LLMBoostFinetune also provides an simple function to start the fine-tuning after you instantialize the engine. You can use LLMBoostFinetune.run() to start the fine-tuning.

Step 1: Launch the Docker

Please start the LLMBoost container by running the following command.

docker run --rm -it \
--gpus all \
--network host \
--ipc host \
--uts host \
--cap-add=SYS_PTRACE \
--security-opt seccomp=unconfined \
--group-add video \
--device /dev/dri:/dev/dri \
mangollm/mb-llmboost-training:cuda-prod

Note: You might need permission to access this docker, please contact our support contact@mangoboost.io.

Once you get into the docker, the following commands are all run within the docker container.

Since the model tokenizer is defaultly downloading from huggingface.

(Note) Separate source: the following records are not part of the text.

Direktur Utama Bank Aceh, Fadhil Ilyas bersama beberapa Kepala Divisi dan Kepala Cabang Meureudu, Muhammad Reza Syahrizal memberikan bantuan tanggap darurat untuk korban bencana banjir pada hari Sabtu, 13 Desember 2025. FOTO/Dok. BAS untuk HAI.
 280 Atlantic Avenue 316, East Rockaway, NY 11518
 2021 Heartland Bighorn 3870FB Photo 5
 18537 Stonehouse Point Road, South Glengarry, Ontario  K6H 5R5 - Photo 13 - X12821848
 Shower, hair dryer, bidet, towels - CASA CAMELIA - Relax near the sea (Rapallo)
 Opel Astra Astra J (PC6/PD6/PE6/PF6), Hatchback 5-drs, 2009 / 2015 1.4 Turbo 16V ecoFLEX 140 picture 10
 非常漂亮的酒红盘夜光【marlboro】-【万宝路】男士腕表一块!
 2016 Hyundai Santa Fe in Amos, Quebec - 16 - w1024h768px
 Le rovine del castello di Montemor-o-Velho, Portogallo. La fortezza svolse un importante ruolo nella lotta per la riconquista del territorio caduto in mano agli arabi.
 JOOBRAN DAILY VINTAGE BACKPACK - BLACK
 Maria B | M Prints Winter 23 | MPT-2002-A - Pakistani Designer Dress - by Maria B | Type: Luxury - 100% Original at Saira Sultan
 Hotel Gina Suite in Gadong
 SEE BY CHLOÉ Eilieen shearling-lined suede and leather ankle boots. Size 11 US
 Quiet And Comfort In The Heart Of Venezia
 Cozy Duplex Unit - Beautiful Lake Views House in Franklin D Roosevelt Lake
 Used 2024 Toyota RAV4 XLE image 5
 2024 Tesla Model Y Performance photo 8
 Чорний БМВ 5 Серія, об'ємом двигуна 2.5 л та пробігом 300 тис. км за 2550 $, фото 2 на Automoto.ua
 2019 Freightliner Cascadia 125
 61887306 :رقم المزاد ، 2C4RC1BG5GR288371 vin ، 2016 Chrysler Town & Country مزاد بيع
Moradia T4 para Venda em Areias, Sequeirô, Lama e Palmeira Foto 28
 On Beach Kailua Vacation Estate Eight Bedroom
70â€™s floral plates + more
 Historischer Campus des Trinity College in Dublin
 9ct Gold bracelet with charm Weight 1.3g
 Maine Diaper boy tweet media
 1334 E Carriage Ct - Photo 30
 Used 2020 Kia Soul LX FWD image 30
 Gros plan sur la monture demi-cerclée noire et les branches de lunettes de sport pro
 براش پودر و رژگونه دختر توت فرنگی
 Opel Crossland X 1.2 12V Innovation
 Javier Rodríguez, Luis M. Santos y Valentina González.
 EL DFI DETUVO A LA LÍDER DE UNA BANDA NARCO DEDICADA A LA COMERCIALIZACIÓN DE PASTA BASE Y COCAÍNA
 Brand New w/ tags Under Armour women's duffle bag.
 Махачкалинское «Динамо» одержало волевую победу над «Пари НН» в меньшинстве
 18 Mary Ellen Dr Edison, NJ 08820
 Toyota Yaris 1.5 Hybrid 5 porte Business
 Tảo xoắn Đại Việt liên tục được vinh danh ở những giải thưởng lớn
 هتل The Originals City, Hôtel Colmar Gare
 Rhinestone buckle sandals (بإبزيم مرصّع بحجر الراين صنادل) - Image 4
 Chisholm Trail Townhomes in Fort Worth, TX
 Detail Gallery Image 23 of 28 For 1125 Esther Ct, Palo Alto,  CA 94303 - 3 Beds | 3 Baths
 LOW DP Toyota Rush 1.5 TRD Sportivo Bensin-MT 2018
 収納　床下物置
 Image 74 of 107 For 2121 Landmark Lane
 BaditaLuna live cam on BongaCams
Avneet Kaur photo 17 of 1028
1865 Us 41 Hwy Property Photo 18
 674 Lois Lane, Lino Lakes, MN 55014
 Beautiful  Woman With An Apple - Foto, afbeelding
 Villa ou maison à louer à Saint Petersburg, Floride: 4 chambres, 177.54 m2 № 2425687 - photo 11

Please authenticate to HuggingFace via the HuggingFace CLI by running the following command:

# EXAMPLE COMMANDS
export HUGGING_FACE_HUB_TOKEN=<your-hf-token>
huggingface-cli login

Also, to use the full functionality of our fine-tuning software, please also provide your llmboost license within the docker. Please contact us through contact@mangoboost.io if you don't have a llmboost license. You can put your license inside the docker by running:

echo "<your-llmboost-license>" > /workspace/llmboost_license.skm

Step 2: Using LLM Fine-Tuning in a Python program

The belowing python script gives an example to fine-tune a meta-llama/Meta-Llama-3-8B-Instruct model. You can also find this example script in /workspace/apps/examples/finetune/llama3_8b_finetune.py.

# /workspace/apps/examples/finetune/llama3_8b_finetune.py
from llmboost.llmboost_finetune import LLMBoostFinetune

if __name__ == "__main__":
# example of finetuning llama-3-8B
llmboost_finetuner = LLMBoostFinetune(
stage="sft",
model_name_or_path="meta-llama/Meta-Llama-3-8B-Instruct",
dataset="alpaca_en_demo",
template="llama3",
finetuning_type="lora",
per_device_train_batch_size=1,
gradient_accumulation_steps=8,
num_train_epochs=2,
)
llmboost_finetuner.run()

Now you get the python script to fine-tune a Llama model. To start executing the fine-tuning, please run the following command:

Note: The current system doesn't support visualizing the fine-tuning process in GUI. Please select NO when systems prompting whether to visualize or not.

torchrun --nproc_per_node=8 /workspace/apps/examples/finetune/llama3_8b_finetune.py

We also provides several examples to fine-tune meta-llama/Llama-2-70b-chat-hf and mistralai/Mixtral-8x7B-v0.1 to help you quickly get started with LLMBoost's fine-tuning API.

To run multi-node finetuning, you could specify the master node by setting MASTER_ADDR, MASTER_PORT, and RANK for each worker. i.e. torchrun --MASTER_ADDR <master node ip> --MASTER_PORT <port> --RANK <node rank> <script to run>. Please refer to PyTorch's torchrun documentation for more details.